*** Entries shown Section Begins ***
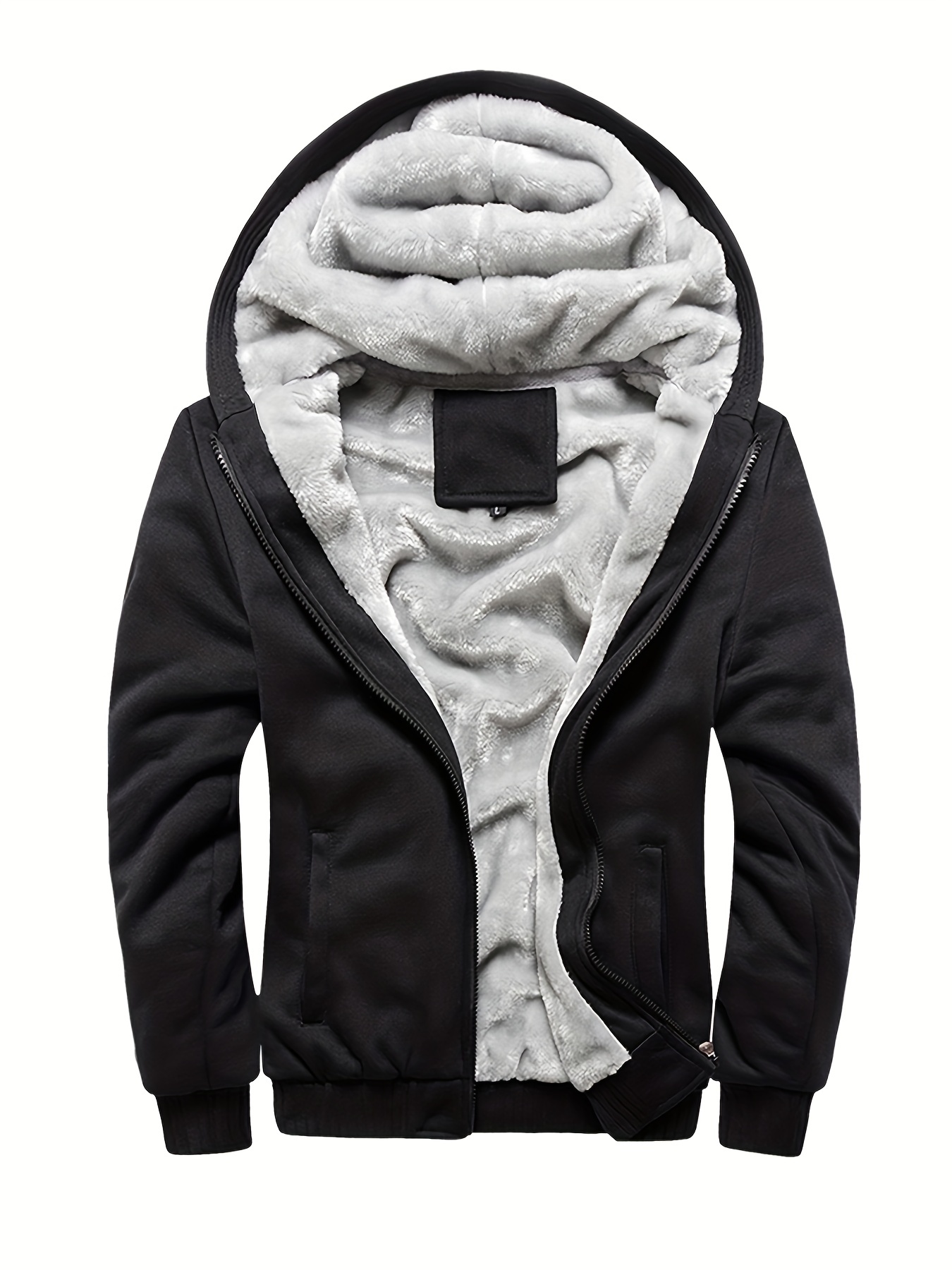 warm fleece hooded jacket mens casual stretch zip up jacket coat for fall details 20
*** Entries shown Section Ends ***
*** Entries shown Section Begins ***
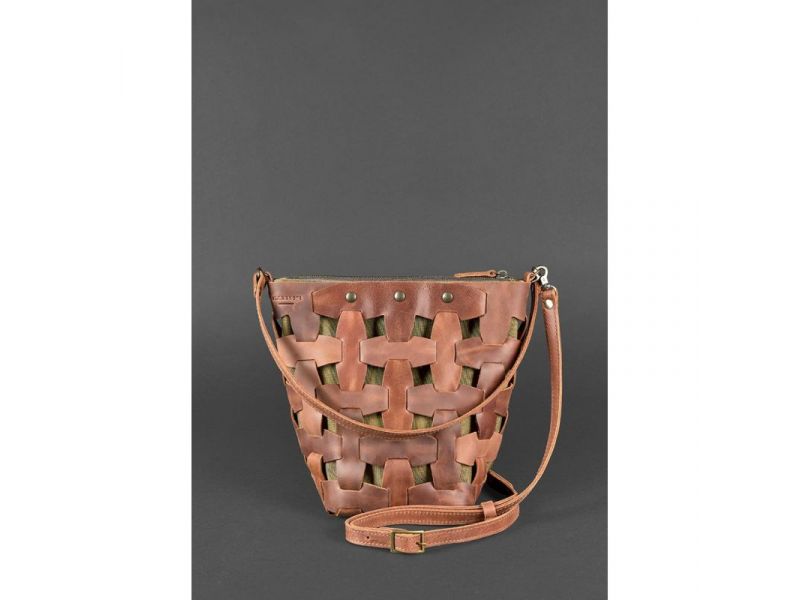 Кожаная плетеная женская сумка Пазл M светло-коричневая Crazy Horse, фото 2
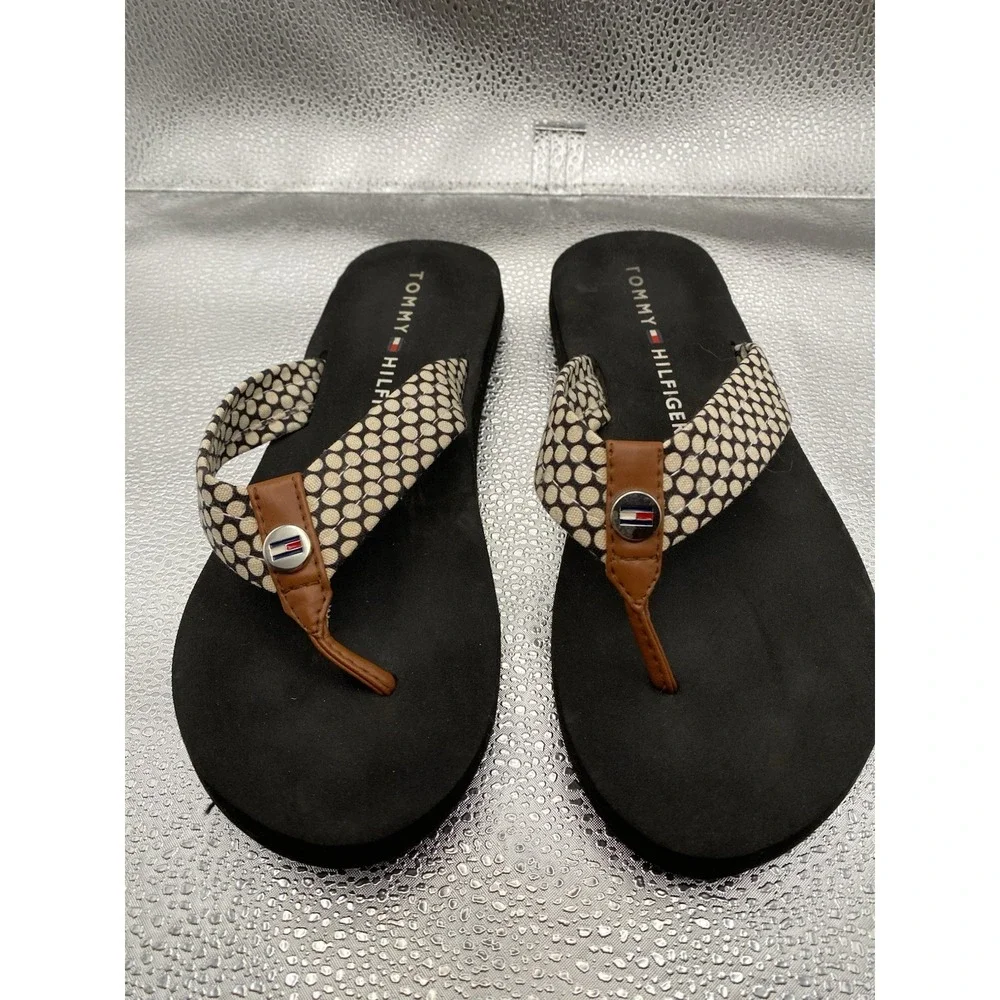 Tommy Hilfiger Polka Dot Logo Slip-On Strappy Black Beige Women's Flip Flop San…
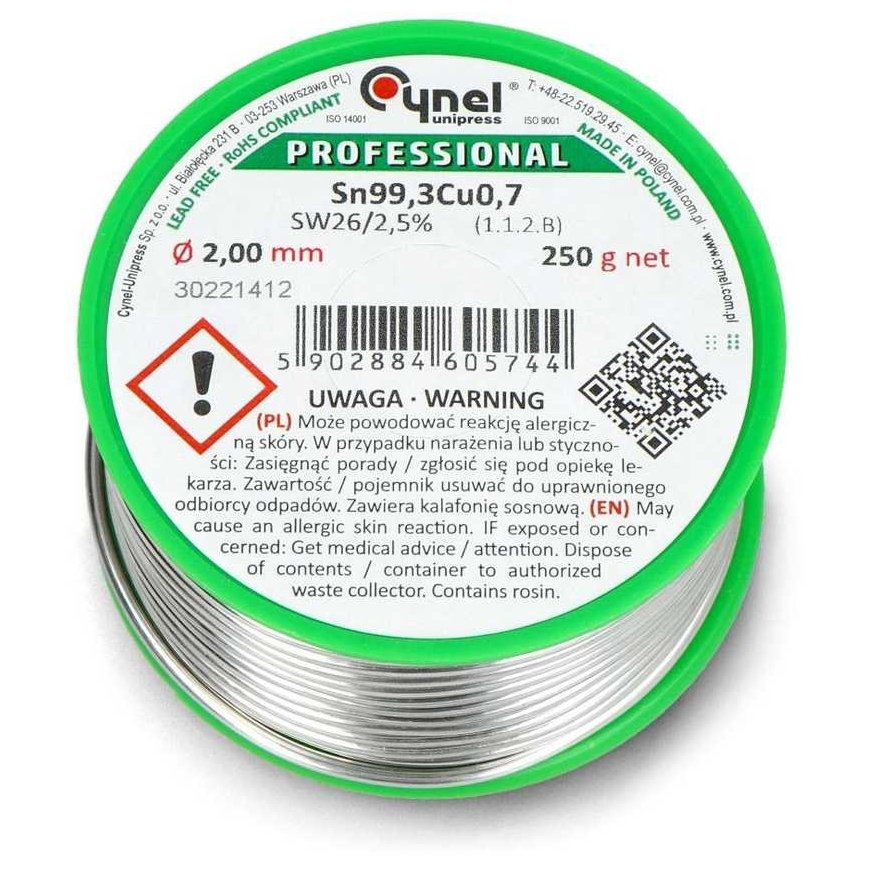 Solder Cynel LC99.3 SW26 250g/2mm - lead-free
*** Entries shown Section Ends ***
Exercise brief
Your answer is the exact run of lines above from the one with "Tommy Hilfiger Polka" through the one with "Solder Cynel LC99.3", both ends included, minus any picture.

Reply to the task
 Tommy Hilfiger Polka Dot Logo Slip-On Strappy Black Beige Women's Flip Flop San…
 Solder Cynel LC99.3 SW26 250g/2mm - lead-free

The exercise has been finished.